4. Toutefois, il appartient à la cour, saisie de l'ensemble du litige par l'effet dévolutif de l'appel, d'examiner les autres moyens soulevés par M. B...et autres devant le tribunal administratif de Grenoble.
5. Il ressort des pièces du dossier que Mme Florence Gouache, secrétaire générale de la préfecture, signataire de l'arrêté du 25 juillet 2018, avait régulièrement reçu délégation du préfet de la Haute-Savoie à l'effet de signer tous arrêtés et décisions relevant des attributions de l'Etat dans ce département, à l'exception d'actes au nombre desquels ne figurent pas les mises en demeure prises sur le fondement de l'article 9 de la loi du 5 juillet 2000. Le moyen tiré de l'incompétence du signataire de l'arrêté doit donc être écarté comme manquant en fait.

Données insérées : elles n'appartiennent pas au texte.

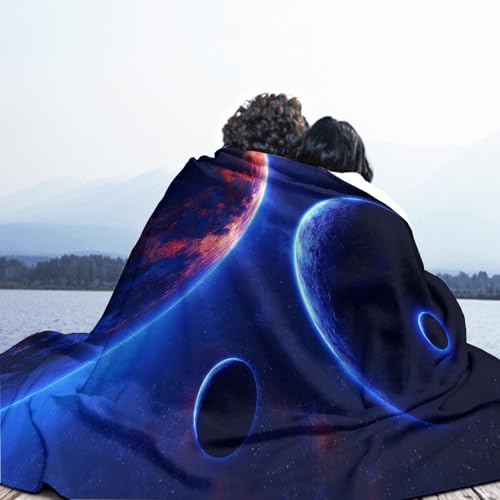 Jeté de canapé espace bleu foncé couverture chaude pour soirées d'hiver - 6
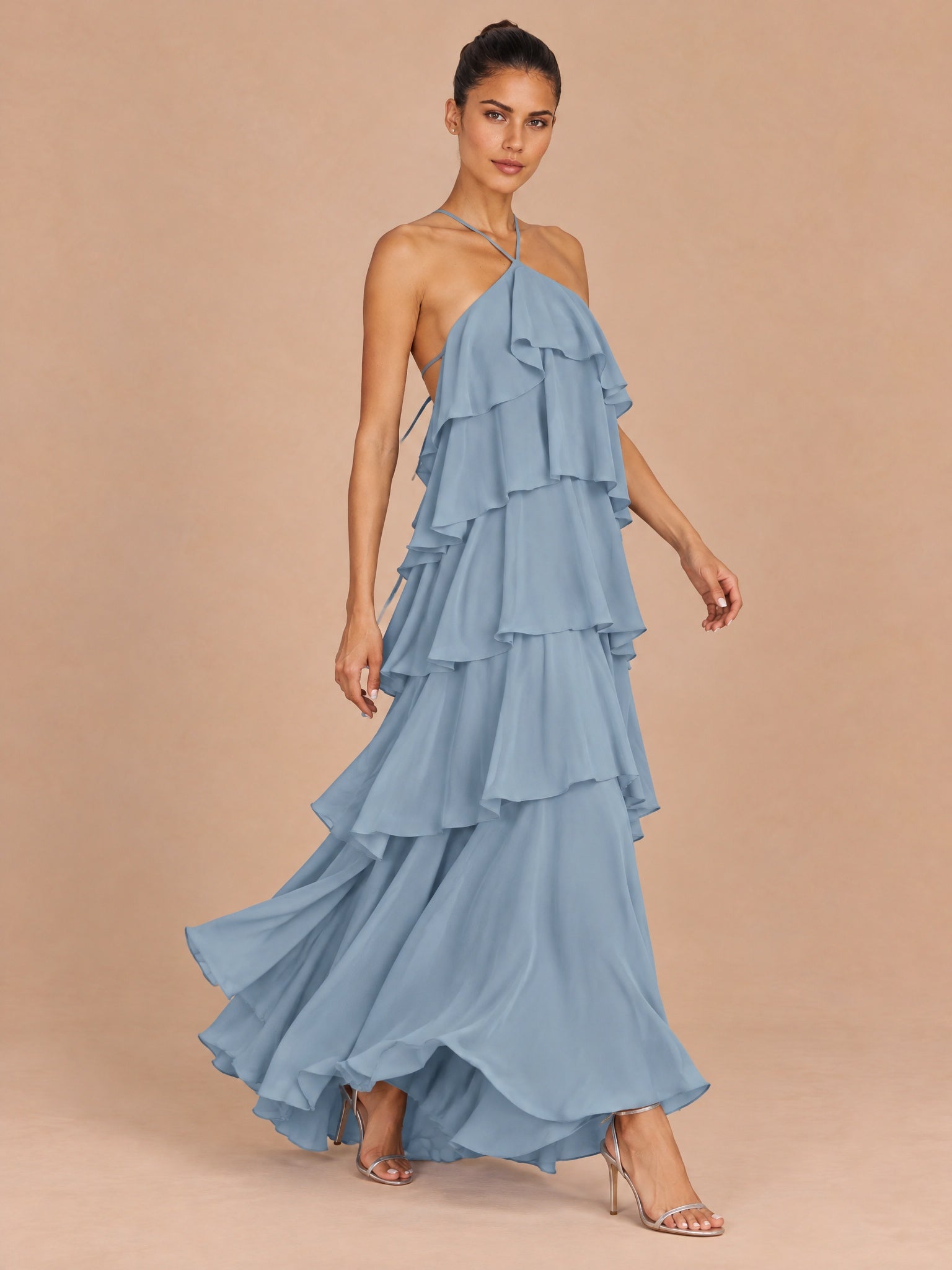 Augday Stella Halter Tiered Ruffle Chiffon Maxi Dress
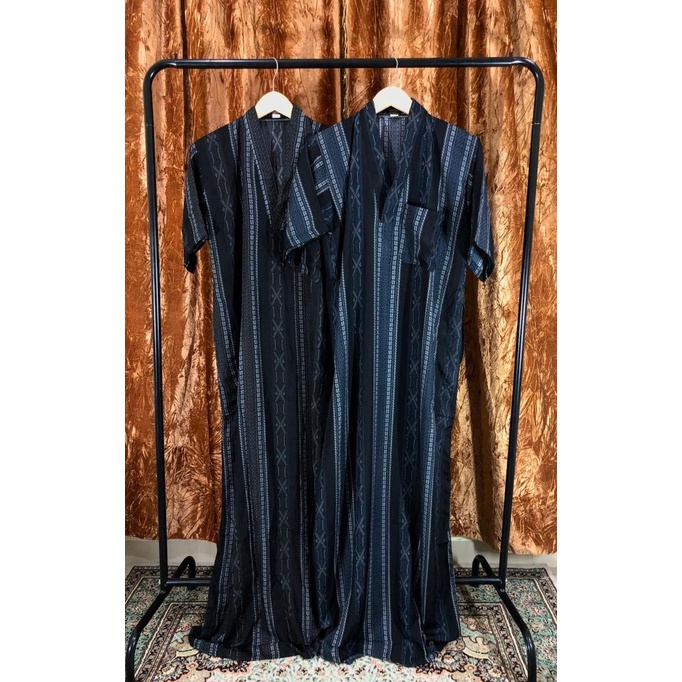 Baju Muslim Jubah Gamis Tidur Motif Pria Lengan Pendek Maroko Terbaik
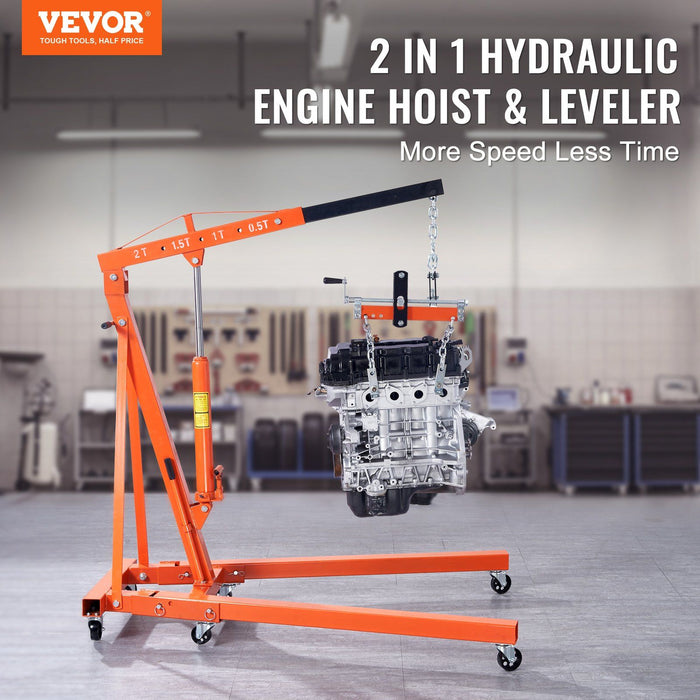 Hydraulic Engine Hoist With Lever, 2 Ton Capacity, Foldable Design For Auto Repair - Orange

6. Cet arrêté, qui comporte l'énoncé des considérations de droit et de fait qui en constituent le fondement, comme cela ressort du point 3, est suffisamment motivé.
7. Le moyen tiré de la méconnaissance du principe de la sauvegarde de la dignité humaine, du droit de mener une vie privée et familiale normale garanti par l'article 8 de la convention européenne de sauvegarde des droits de l'homme et des libertés fondamentales, de l'intérêt supérieur de l'enfant et de son droit à un niveau de vie suffisant protégés par le 1 de l'article 3 et l'article 27 de la convention internationale relative aux droits de l'enfant et du principe de non-discrimination n'est pas assorti des précisions suffisantes permettant d'en apprécier le bien-fondé et ne peut, dès lors, qu'être écarté.
8. Il résulte de ce qui précède que le préfet de la Haute-Savoie est fondé à soutenir que c'est à tort que, par le jugement attaqué, le magistrat désigné du tribunal administratif de Grenoble a annulé son arrêté du 25 juillet 2018.
DÉCIDE :
Article 1er : Le jugement n° 1804779 du magistrat désigné du tribunal administratif de Grenoble du 28 juillet 2018 est annulé.
Article 2 : La demande présentée par M. B...et autres devant le tribunal administratif de Grenoble est rejetée.
Article 3 : Le présent arrêt sera notifié au ministre de l'intérieur et à M. A...B....
Copie en sera adressée au préfet de la Haute-Savoie.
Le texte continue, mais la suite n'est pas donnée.